### Data
○ ○ ○
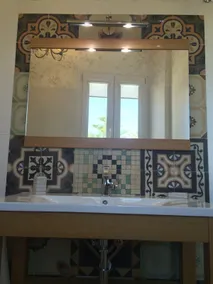 Castle Penthouse - Image 4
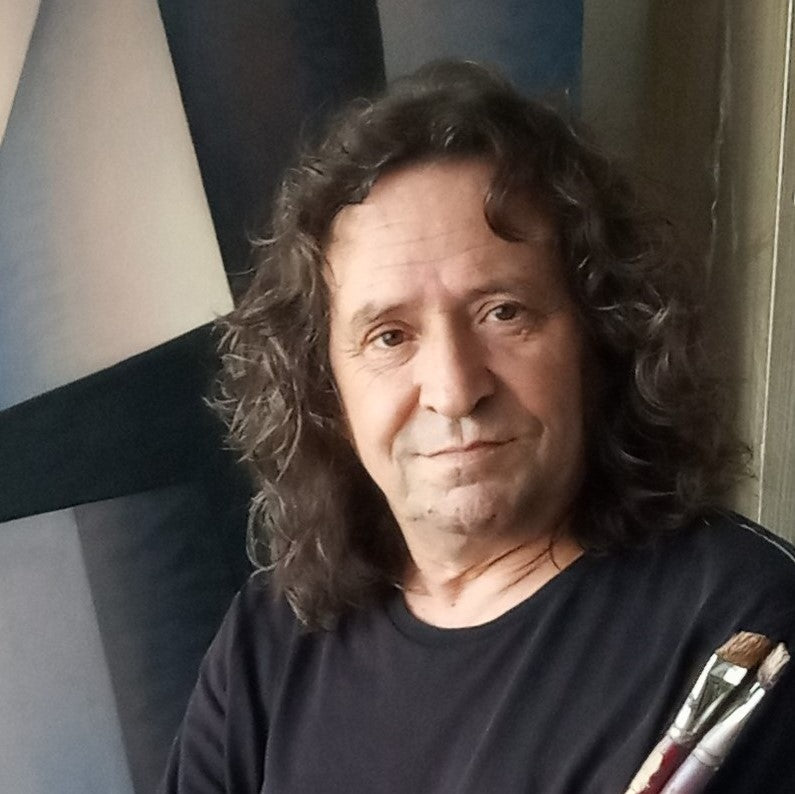 Halim Çeliker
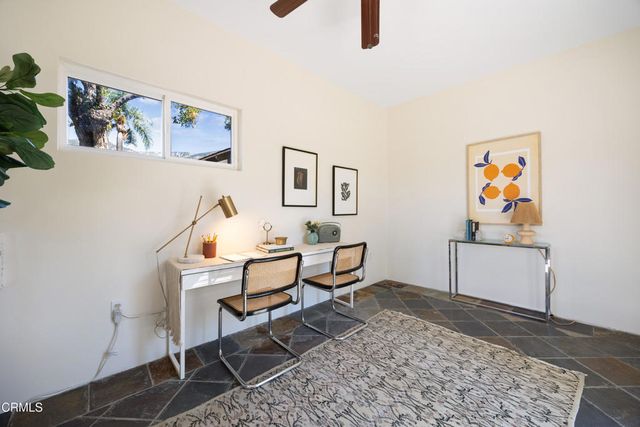 3033 Glen Avenue, Altadena, CA 91001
○ ○ ○
### Exercise requirements
Your copy should run from the line that has "Halim Çeliker" through the last line above, exactly, with both ends in and pictures out.

### Written reply
 Halim Çeliker
 3033 Glen Avenue, Altadena, CA 91001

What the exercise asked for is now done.